» **TASK BRIEF**
In the listing below, find the line with "40岁初中文凭怎么提升学历呢,速版标精_解民倒悬版ZS2" and the line with "Rocket ... AKC", then return them and every line between them exactly, minus the pictures.
*** Begin section ***
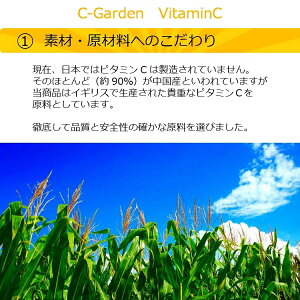 イギリス産1包に2,000mgのビタミンC配合C-GardenVitaminC30包約1ヵ月分サプリサプリメント粉末美容サプリ健康サプリ美白喫煙コラーゲン人気おすすめ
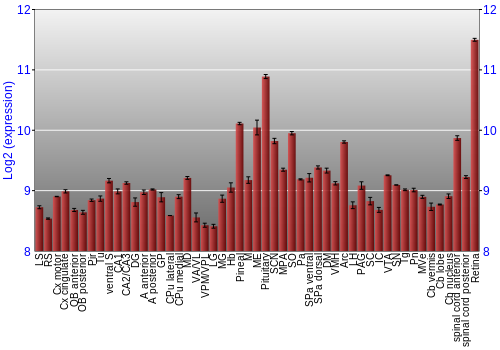 Expression graph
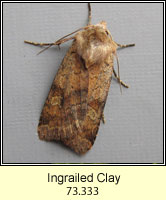 Ingrailed Clay, Diarsia mendica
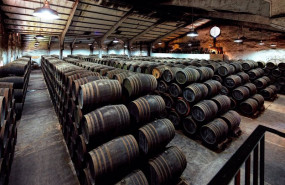 ep bodega delgado zuleta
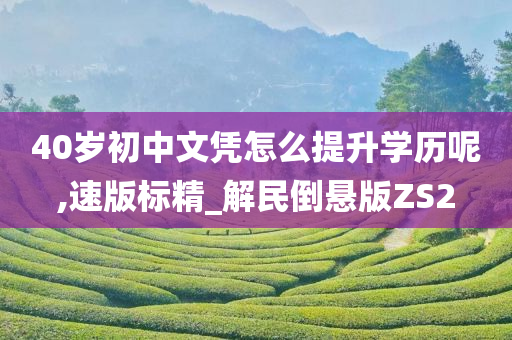 40岁初中文凭怎么提升学历呢,速版标精_解民倒悬版ZS2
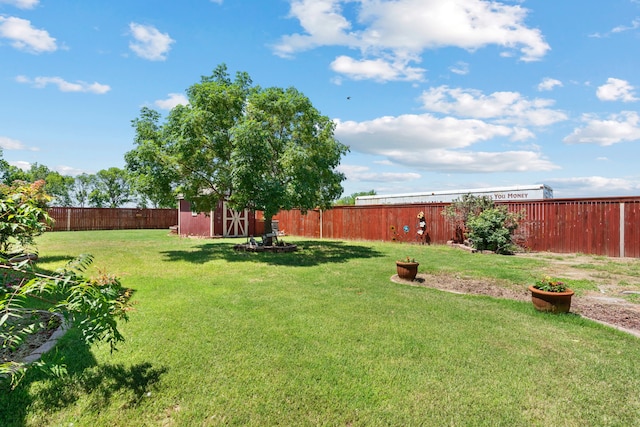 view of yard featuring a shed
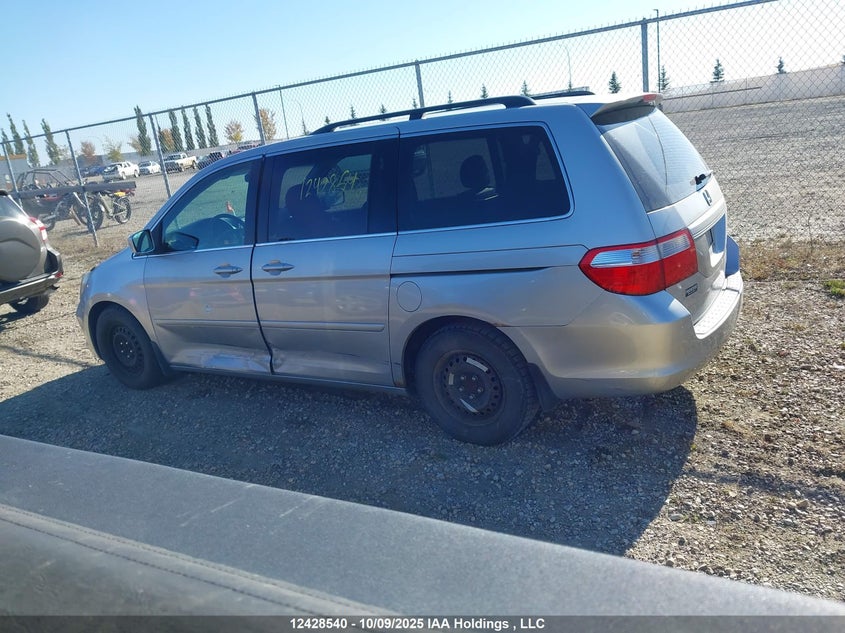 2005 Honda Odyssey Ex-L VIN: 5FNRL38635B505063 Lot: 12428540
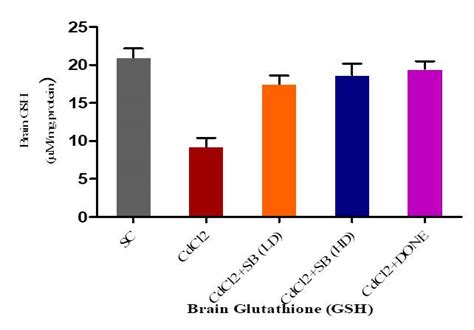 Investigative studies on pharmacological potential of HDAC inhibitor on ...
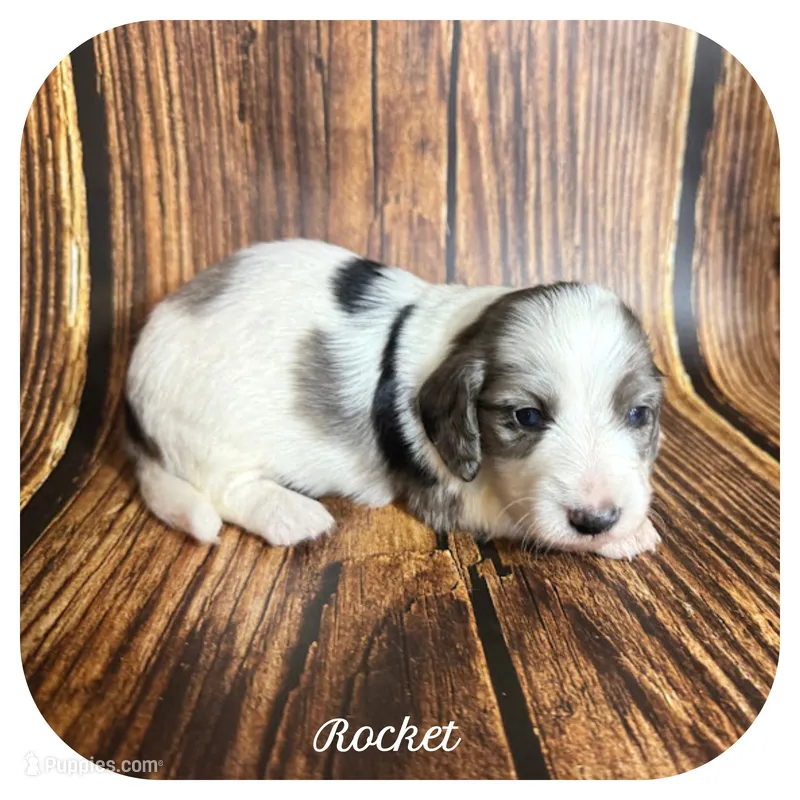 Rocket ... AKC – Miniature Dachshund puppy for sale in Smithville, TN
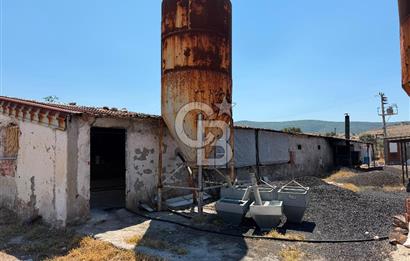URLA ZEYTİNELİ'NDE RUHSATLI, ÜRETİME HAZIR, YÜKSEK POTANSİYELLİ TAVUK ÇİFTLİĞİ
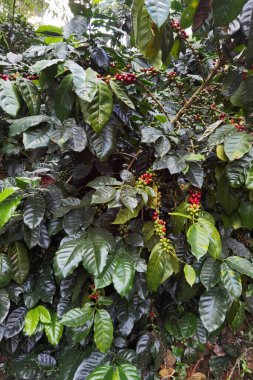 Ağaçta olgunlaşan kahve çekirdekleri                               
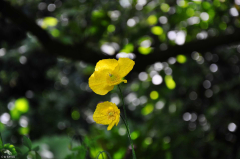 Farbtupfer im tiefen Schatten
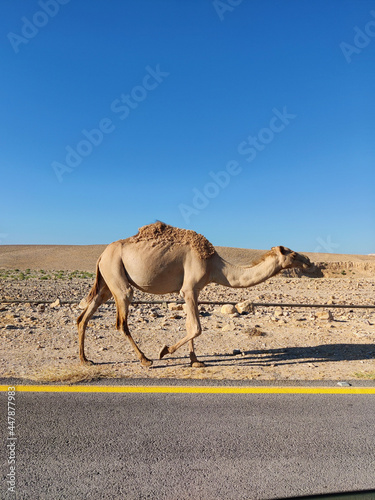 camel in the desert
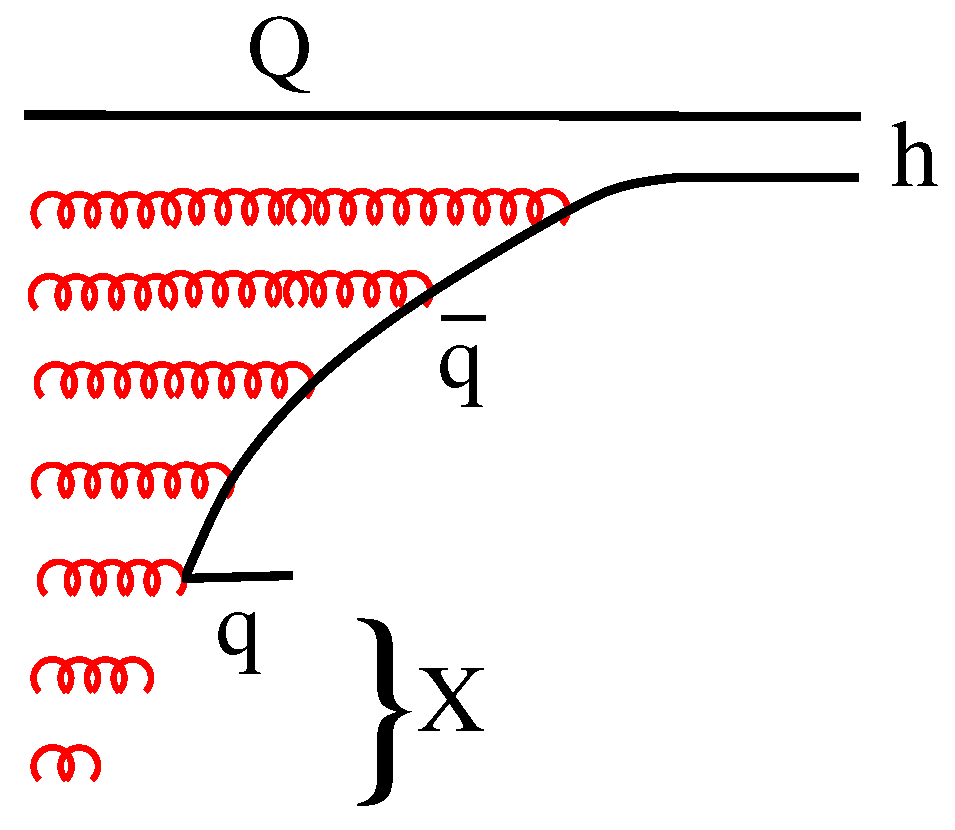 Preprints 80881 g006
*** End section ***
» **YOUR SOLUTION**
 40岁初中文凭怎么提升学历呢,速版标精_解民倒悬版ZS2
 view of yard featuring a shed
 2005 Honda Odyssey Ex-L VIN: 5FNRL38635B505063 Lot: 12428540
 Investigative studies on pharmacological potential of HDAC inhibitor on ...
 Rocket ... AKC – Miniature Dachshund puppy for sale in Smithville, TN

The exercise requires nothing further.